Re: First Earthlike Exoplanet Found
Quote:
Originally Posted by The_Mark
And they will probably be greeted by a thriving human colony established by the first human visitors of Gliese, who left 200 years after the generation ship, using some snappy anti-matter propulsion.
This "paradox" gets even funnier if they're traveling near the speed of light, then you can have the same persons that borded the ship to be 200 years late. Poor buggers :no:
Point was, that we can evacuate "humanity" within a few years if things go badly. That I wouldn't recommend it unless you're very, very desperate (and the sun turning too hot or into a red giant would be such a thing) is another matter.
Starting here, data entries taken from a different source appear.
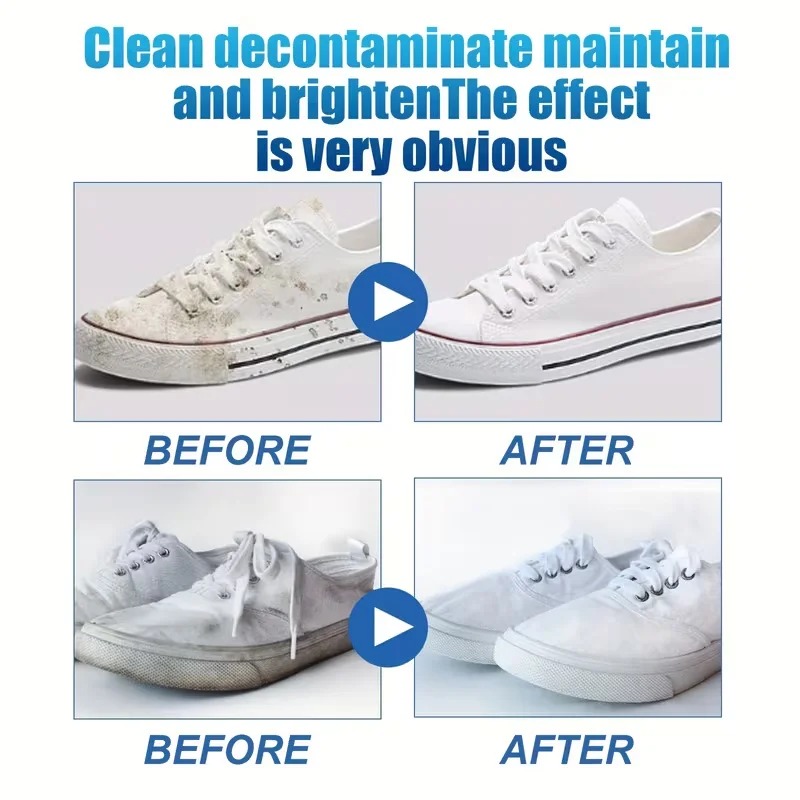White Shoe Cleaner: Stain remo - Sneaker Cleaner บทวิจารณ์และราคา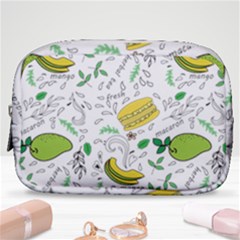 Hamburger With Fruits Seamless Pattern Make Up Pouch (small)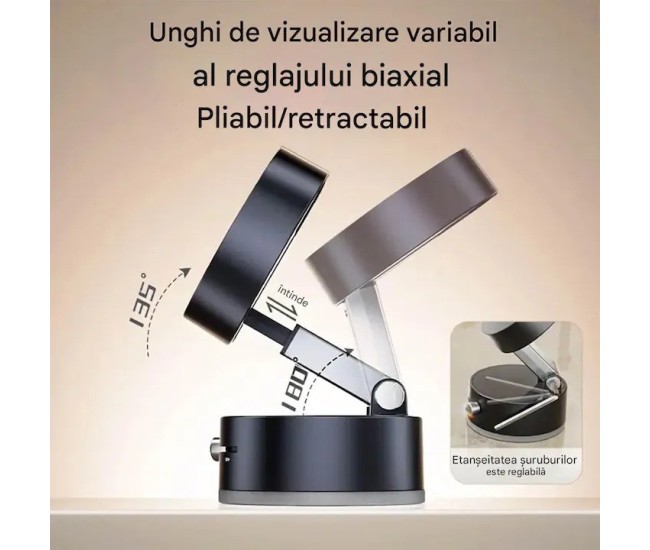 Suport magnetic Flippy pentru telefon, pliabil si retractabil pe ambele parti, pentru toate telefoanele mobile, roz Suport magnetic Flippy pentru telefon, pliabil si retractabil pe ambele parti, pentru toate telefoanele mobile, roz
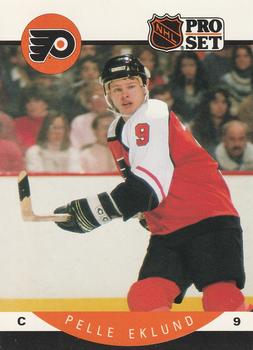 #215 Pelle Eklund - Philadelphia Flyers - 1990-91 Pro Set Hockey
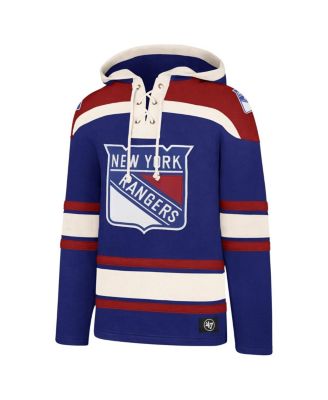 Men's Blue New York Rangers Big and Tall Superior Lacer Pullover Hoodie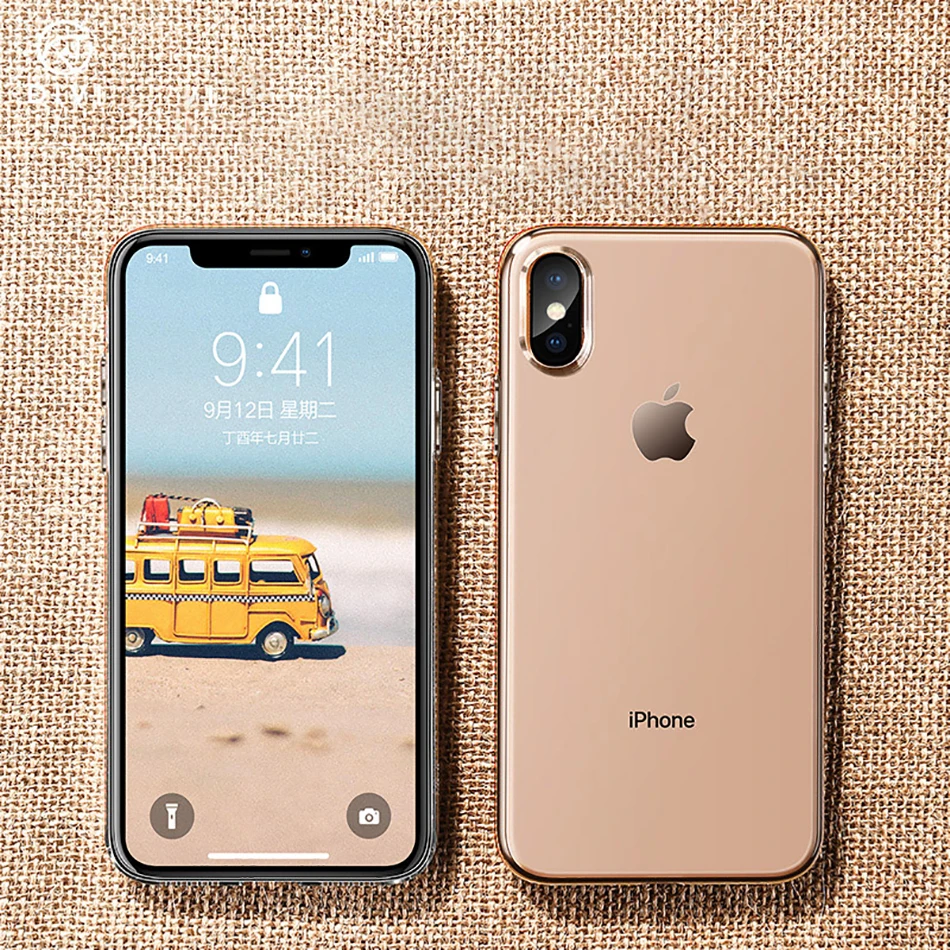 

DIVI Phone Case For iPhone Xs Xr Xs Max Ultra-Thin Crystal Case For iPhone Xs Premium Clear Hard PC Full Back Cover For iphone X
Re: First Earthlike Exoplanet Found
Who needs all those equations and difficult formulas when the only thing you need to get there is some LSD...
:hippie:
Re: First Earthlike Exoplanet Found
Quote:
Originally Posted by Andres
Who needs all those equations and difficult formulas when the only thing you need to get there is some LSD...
:hippie:
2 words: Hawaïaanse paddo's.
Re: First Earthlike Exoplanet Found
Quote:
Originally Posted by The_Mark
Light doesn't have mass, only momentum derived from its energy*. The thing with gravity and light is that even though light travels straight, uninfluenced by the gravity, the space itself in which light travels is curved by the gravity. So the photons think they're going in a straight line, and they're right, but everybody else thinks they go in a curve. And they're right as well. Simple, yes?
special relativity combined with general relativity that is? Hmmm...
Oh well it's not my job to figure out a way to get there. I'm not a superhuman, like them Japanese.
Re: First Earthlike Exoplanet Found
Quote:
Originally Posted by Zaknafien
Well can't ion drives reach something like 'near' the speed of light if given enough time to accelerate? My understanding was that something with ion drive, like the one tested on some probe a year or two ago, will continuously accelerate until it reaches 99.9% of the speed of light but it would take many years to get going that fast..
an ion-drive, as we currently understand them, is capable of a maximum of ~100,000 MPH, roughly four times faster than the limit of chemical combustion, i.e. rockets.
they are a bit lacking in thrust however.
Re: First Earthlike Exoplanet Found
I'll bet somebody $20 dollars that human beings will cease to exist prior to our capacity for interstellar travel (in my view impossible for an individual) or the end of earth with its consumption by our sun which should take place in about 4 billion years as the sun's size increases near its death.
I'll even give 1,000,000,000,000:1 odds.